Professor of Descriptive Geometry (retired)
University of Fine Arts Hamburg
Aachen, Germany

For the author, geometry has not lost anything of its fascination even after over fifty years of intense engagement with the subject. As an architect, he finds it a never-failing source of innovation and a symbol of eternal beauty. In his capacity as Professor of Descriptive Geometry at the University of Fine Arts in Hamburg, his most important secondary activity lay in the development and production of educational models as visualizations of geometric laws. These models were generally acquired by Technical Universities as learning material for lectures and seminars. Over the years the emphasis of his work has changed somewhat, and today he prefers to focus on the aesthetic rather than on the didactic aspects of his objects.

Final Lap
Final Lap
35 x 34 x 34 cm
Aluminium tubing, aluminium sheet
2017

Icosahedron orbited by a concentric Hamilton cycle on an icosidodecahedron with a common vertical axis, but without its own rotational symmetry. Each Hamilton cycle is a closed chain of edges which has to be constructed as a rigid entity. Two half edges are therefore combined to form corner units and then joined at the centre of the edges.

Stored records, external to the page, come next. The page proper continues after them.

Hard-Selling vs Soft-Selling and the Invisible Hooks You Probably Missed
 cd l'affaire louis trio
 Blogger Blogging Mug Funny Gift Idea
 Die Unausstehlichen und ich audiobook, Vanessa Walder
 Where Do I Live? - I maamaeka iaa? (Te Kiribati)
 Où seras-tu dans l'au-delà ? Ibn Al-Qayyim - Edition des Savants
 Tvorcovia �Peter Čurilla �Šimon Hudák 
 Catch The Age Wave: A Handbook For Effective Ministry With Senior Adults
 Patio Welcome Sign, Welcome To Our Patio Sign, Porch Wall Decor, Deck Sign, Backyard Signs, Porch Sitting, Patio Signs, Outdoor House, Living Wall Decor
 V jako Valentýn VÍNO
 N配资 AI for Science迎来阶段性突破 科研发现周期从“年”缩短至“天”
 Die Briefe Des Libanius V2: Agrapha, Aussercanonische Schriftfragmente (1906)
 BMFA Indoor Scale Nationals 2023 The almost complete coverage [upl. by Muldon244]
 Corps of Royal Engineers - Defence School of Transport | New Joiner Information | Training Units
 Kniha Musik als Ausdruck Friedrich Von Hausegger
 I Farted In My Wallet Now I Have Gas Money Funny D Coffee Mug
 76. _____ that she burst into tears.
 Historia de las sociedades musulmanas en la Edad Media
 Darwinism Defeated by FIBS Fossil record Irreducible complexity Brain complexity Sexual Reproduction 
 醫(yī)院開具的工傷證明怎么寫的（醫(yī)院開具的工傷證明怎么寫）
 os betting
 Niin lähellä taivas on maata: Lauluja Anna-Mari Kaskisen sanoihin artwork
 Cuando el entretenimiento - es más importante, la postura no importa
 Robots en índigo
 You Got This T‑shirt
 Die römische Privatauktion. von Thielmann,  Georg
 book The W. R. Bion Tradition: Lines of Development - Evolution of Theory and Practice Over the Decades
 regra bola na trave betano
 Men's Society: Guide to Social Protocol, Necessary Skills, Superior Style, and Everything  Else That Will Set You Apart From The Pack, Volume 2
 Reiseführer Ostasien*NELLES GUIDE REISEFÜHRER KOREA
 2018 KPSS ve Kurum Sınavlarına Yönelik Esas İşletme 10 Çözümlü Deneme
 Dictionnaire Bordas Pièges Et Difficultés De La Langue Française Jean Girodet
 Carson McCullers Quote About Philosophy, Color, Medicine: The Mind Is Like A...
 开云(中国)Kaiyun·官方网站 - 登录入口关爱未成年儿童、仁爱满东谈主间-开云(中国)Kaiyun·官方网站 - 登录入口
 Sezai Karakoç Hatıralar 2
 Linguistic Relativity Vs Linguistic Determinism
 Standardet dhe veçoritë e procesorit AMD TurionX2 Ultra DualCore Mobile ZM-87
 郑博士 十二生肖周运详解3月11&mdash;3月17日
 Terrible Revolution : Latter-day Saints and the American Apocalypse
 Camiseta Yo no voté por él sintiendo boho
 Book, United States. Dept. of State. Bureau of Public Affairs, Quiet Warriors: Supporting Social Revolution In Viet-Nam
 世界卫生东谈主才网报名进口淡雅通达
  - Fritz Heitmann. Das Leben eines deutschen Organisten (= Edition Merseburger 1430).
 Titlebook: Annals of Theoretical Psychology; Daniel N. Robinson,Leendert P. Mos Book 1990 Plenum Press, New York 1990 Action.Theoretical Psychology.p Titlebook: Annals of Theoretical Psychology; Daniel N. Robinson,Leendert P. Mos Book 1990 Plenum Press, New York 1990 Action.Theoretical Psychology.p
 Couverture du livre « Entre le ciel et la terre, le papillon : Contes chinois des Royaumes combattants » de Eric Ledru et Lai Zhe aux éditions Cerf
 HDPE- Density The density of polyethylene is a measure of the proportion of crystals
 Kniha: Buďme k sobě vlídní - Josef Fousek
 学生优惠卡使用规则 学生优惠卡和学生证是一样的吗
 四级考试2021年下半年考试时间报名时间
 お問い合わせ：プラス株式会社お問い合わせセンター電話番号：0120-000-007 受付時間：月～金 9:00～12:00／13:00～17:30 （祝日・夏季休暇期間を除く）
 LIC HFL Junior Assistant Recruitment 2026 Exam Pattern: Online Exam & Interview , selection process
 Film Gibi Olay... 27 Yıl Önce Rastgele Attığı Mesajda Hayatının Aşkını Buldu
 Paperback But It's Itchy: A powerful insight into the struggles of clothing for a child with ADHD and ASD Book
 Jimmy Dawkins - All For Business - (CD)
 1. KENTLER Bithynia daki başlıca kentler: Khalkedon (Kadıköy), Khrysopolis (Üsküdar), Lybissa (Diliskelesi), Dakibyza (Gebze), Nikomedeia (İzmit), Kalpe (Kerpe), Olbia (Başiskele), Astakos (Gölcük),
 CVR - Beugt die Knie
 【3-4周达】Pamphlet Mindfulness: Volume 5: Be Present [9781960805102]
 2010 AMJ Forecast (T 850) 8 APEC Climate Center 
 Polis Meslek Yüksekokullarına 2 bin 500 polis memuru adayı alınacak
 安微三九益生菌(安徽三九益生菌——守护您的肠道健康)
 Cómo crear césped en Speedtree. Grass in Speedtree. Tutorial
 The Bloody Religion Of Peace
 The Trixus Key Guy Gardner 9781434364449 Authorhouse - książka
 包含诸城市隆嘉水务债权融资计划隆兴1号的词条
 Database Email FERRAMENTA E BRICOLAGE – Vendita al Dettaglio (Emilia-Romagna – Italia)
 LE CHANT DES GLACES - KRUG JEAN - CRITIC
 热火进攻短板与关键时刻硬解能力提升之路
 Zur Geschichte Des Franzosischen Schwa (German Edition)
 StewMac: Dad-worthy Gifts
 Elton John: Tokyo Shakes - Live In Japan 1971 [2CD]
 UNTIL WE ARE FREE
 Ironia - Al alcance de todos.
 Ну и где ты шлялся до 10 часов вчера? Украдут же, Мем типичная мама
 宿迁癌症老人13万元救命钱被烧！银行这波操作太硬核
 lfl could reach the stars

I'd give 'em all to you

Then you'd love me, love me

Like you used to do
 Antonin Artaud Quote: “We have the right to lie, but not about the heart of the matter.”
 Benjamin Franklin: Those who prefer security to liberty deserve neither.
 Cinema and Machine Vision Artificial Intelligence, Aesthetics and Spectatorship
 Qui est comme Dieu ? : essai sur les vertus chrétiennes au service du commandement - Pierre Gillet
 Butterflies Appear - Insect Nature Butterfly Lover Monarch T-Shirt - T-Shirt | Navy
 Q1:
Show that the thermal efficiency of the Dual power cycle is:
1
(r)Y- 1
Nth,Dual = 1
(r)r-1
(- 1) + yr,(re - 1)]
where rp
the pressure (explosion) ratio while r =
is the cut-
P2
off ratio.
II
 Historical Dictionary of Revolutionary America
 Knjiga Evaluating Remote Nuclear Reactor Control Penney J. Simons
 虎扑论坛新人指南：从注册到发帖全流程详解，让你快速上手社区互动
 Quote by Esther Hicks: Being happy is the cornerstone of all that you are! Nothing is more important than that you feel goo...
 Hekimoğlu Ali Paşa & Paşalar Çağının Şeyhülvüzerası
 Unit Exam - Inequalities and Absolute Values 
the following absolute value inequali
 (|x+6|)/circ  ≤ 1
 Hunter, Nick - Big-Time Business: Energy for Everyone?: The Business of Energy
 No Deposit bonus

This is only possible by means of invisible constructions inserted into the interior of the tubing. The sections of tube are mitred and glued to a precisely lasered angle plate. The corner units are connected by cylinders with slots at each end and inserted into the tubing. These slots are twisted at the angle of the adjacent polyhedral surfaces thus incorporating the ends of the angle plates.

Ripped Soccer Ball
Ripped Soccer Ball
32 x 32 x 32 cm
Aluminium sheet, thickness 6 mm
2017

Two different Hamilton cycles with threefold symmetry on a truncated icosahedron.
Each Hamilton cycle on regular and semi-regular solids divides the surface into two sections. If one is rendered visible in material form, and the other is regarded as an imaginary supplement of the whole, then the border between the two sections represents the given cycle. To trace the complete cycles in this case, one must imagine either the upper or lower hexagon as non-existent.